BRITAIN STUDYING COW FARTS!
In Who Cut the Cheese? I discussed in detail how the world's huge population of farting cattle is adding to global warming and the depletion of the ozone layer. Now, according to the August 2, 2000, edition of the Daily Sport in London, Great Britain's Agricultural Ministry is spending 267,000 pounds "to find out what happens when cows fart." According to the newspaper, "Scientists say a massive 25 per cent of all methane gas in the world's atmosphere is produced by cows." One Member of Parliament, Gordon Prentice, said, "It beggars belief that cows, with their legendary five stomachs, are responsible for doing so much damage." Stay tuned for more details.
EX CREPITUS MACHINA
Last year, according to the Village Voice (July 13, 1999), the S.S. Adams Company of Neptune, New Jersey, announced that the sales of their electronic whoopie cushion, the Fart Machine, had gone over 100,000 units. The sleek, black, plastic contraption contains a computer chip that makes a fart sound triggered by a small remote control, so that pranksters can activate it from the next room.
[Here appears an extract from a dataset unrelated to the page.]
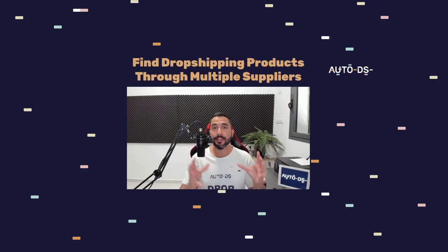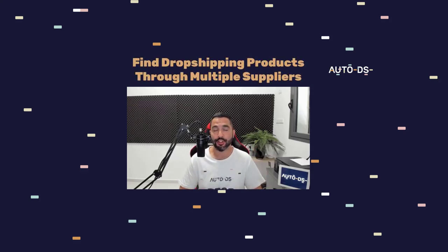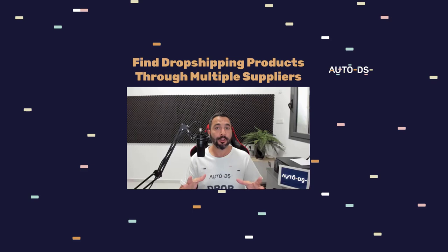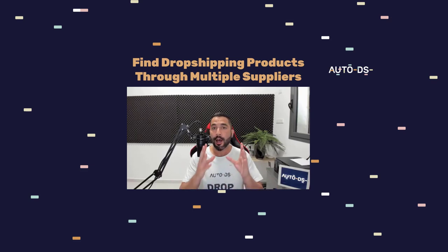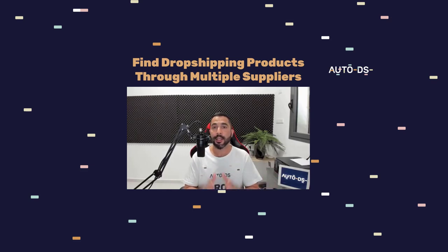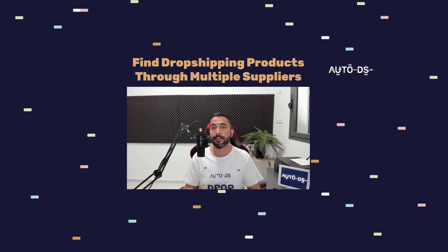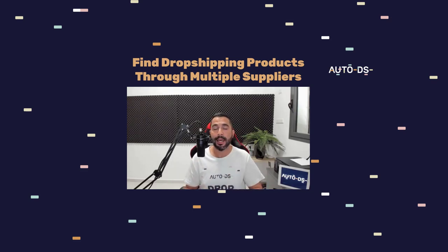How to search for products using the AutoDS Chrome Dropshipping Extension. This helpful tool helps you search for products on any of our supported suppliers in just one search field instead of having to open up many tabs.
The Fart Machine was invented by Florida textile manufacturer Fred Jarow about ten years ago. "Originally we wanted to have one really long [fart], but it sounded too much like a motorcyle," said Jarow. "Shorter ones are much more realistic."
His own favorite prank, Jarow confessed, was to hide one of his Fart Machines in a Thanksgiving turkey and then hit the remote just as the host begins carving.
IT WAS A DARK AND STINKY NIGHT!
One of the joys of literature is the annual Bulwer-Lytton Fiction Contest, sponsored by San Jose University in California, in which contestants try to write the most outrageous opening sentences for what would surely be horrible novels. The event is named for George Bulwer-Lytton, whose opening line for his 1830 novel Paul Clifton began with "It was a dark and stormy night...." (Snoopy, in the comic strip Peanuts, toyed with this line for many years from atop his doghouse.)
In 1997, one of the runner-up entries was: "As a scientist, Throckmorton knew that if he were ever to break wind in the sound chamber he would never hear the end of it."
FART-PACKED!
In Finnish, "fart" is the word for "action," as this Superman comic amply demonstrates. Does that mean that the Man of Steel is the real Fart Man?